Comme nous l'avions expliqué, l'amendement ajouté à l'article 9 sur le blocage administratif des sites terroristes avait été adopté par les sénateurs sur la base d'une explication mensongère du ministre de l'intérieur Bernard Cazeneuve. Il avait affirmé que le dispositif était identique à celui déjà prévu pour les sites de jeux d'argent non homologués, alors que celui-ci fait intervenir le juge judiciaire. Le compte-rendu officiel du Sénat nous rappelle les propos exacts du ministre, qui a soigneusement évité de dire que l'ARJEL devait faire la demande auprès d'un magistrat chargé d'en vérifier le bien-fondé, et non directement au FAI qui est chargé de l'appliquer :
M. Bernard Cazeneuve, ministre. Ce sous-amendement tend à prévoir que l’autorité administrative peut demander, en plus du blocage de l’accès à certains sites, le déréférencement de ces sites.

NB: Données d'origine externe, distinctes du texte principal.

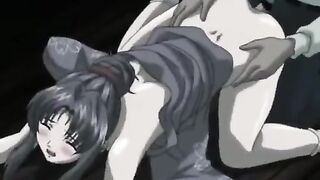 Cruel guy penetrates gal in ass and nub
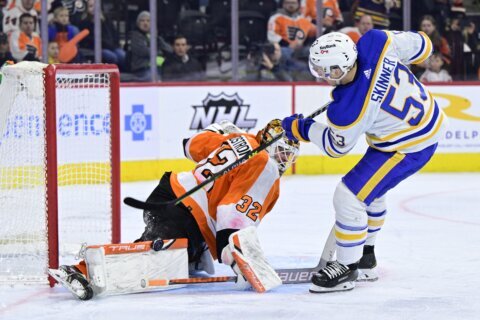 Olofsson, Thompson each score twice, Sabres beat Flyers 5-3
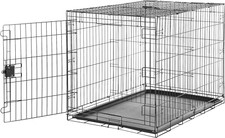 Durable, Foldable Metal Wire Dog Crate with Tray, Single Door, 42 X 28 X 30 In,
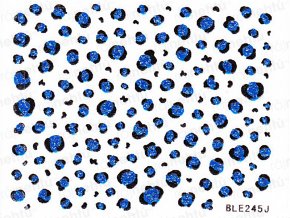 Samolepky na nechty - modré, gepard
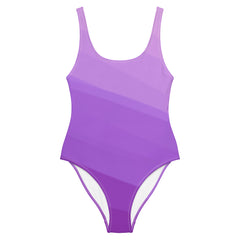 Purple color stripe swimsuit for women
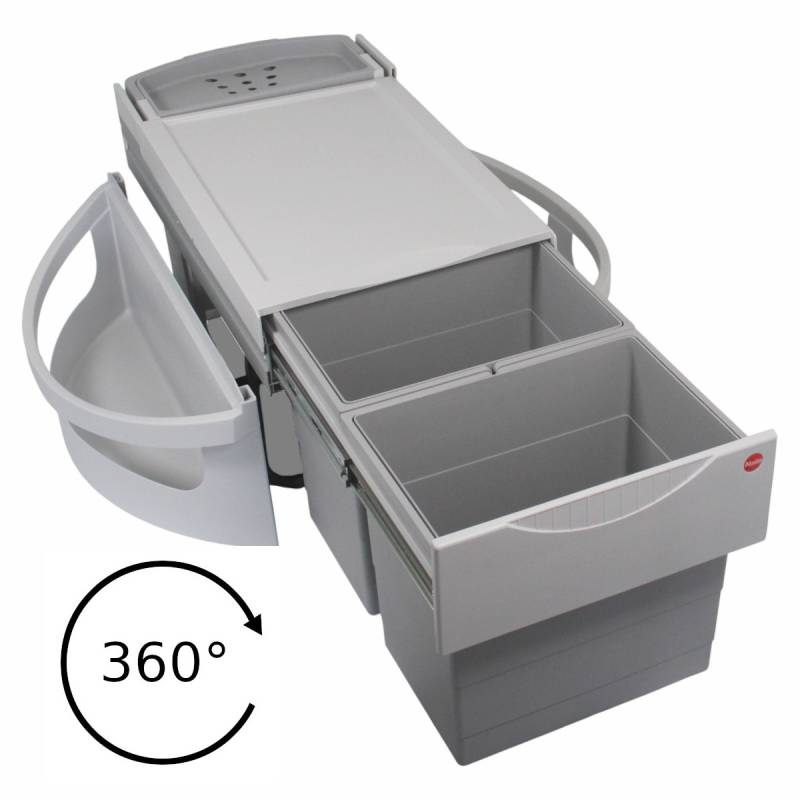 HAILO 3645121 AS Rondo 18/18/ME 360° Einbau Afalleimer 36 Liter 90 cm diagonal von HAILO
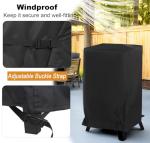 NetttyPro Electric Smoker Cover for Outside Masterbuilt Smoker 30 inch, Outdoor Waterproof Heavy Duty Square Vertical Small Grill Cover, 19" W x 18" D x 33" H, Black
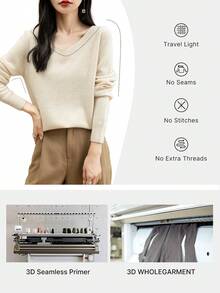 女士毛衣 一字无缝毛衣 女士 V 领毛衣 秋冬长袖柔软针织套头衫 - 米色 - 查看 5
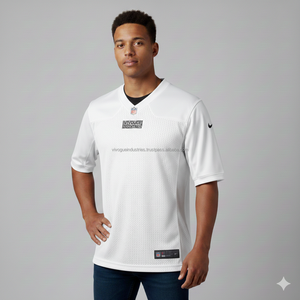 เสื้อฟุตบอลอเมริกันคุณภาพสูง ปักลายแบบ Tackle Twill พร้อมโลโก้และหมายเลขสั่งทำพิเศษ พิมพ์ลายด้วยความร้อน แขนสั้น โพลีเอสเตอร์ 100% - Product Image 3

Cette possibilité est déjà prévue à l’article 61 de la loi du 12 mai 2010 relative à l’ouverture et à la concurrence du secteur des jeux d’argent et de hasard en ligne, lequel permet à l’ARJEL, l’Autorité de régulation des jeux en ligne, de demander que soit prise « toute mesure destinée à faire cesser le référencement du site d’un opérateur mentionné au deuxième alinéa [dudit] article par un moteur de recherche ou un annuaire ».
Le déréférencement est une mesure simple et peu coûteuse à mettre en œuvre par le prestataire requis. Elle est d’ailleurs préconisée par la CNIL dans le cadre de la mise en œuvre du droit à l’oubli, ainsi qu’elle le précise aux pages 83 et 84 de son rapport de 2012.
Comme elle est complémentaire du blocage, nous proposons de compléter l’article 9 avec cette mesure.
L'argumentation n'avait soulevé aucune interrogation au Sénat, où l'amendement qui permet de censurer Google sur simple instruction de la police a été adopté sans coup férir. On pouvait toutefois espérer que les députés, informés de la manoeuvre, seraient plus attentifs devant la commission mixte paritaire (CMP). Mais non.
Le compte-rendu des débats de la CMP montre que l'ajout imposé à la dernière minute par le Gouvernement a été totalement ignoré par les parlementaires. Ils se sont contentés d'évoquer des détails sur le blocage des sites administratifs par les FAI, sans dire un seul mot du déréférencement des sites sur ordre administratif.
Les éventuels députés et les sénateurs alarmés pourront en dire un mot lors du débat en séance plénière (prévu le 4 novembre au Sénat, et une date encore inconnue à l'Assemblée), mais ne pourront pas modifier le texte. A ce stade de la procédure, seul le Gouvernement a encore un droit d'amendement. Les élus devront se contenter de voter pour ou contre l'ensemble du projet de loi anti-terroriste, or un rejet est plus qu'improbable.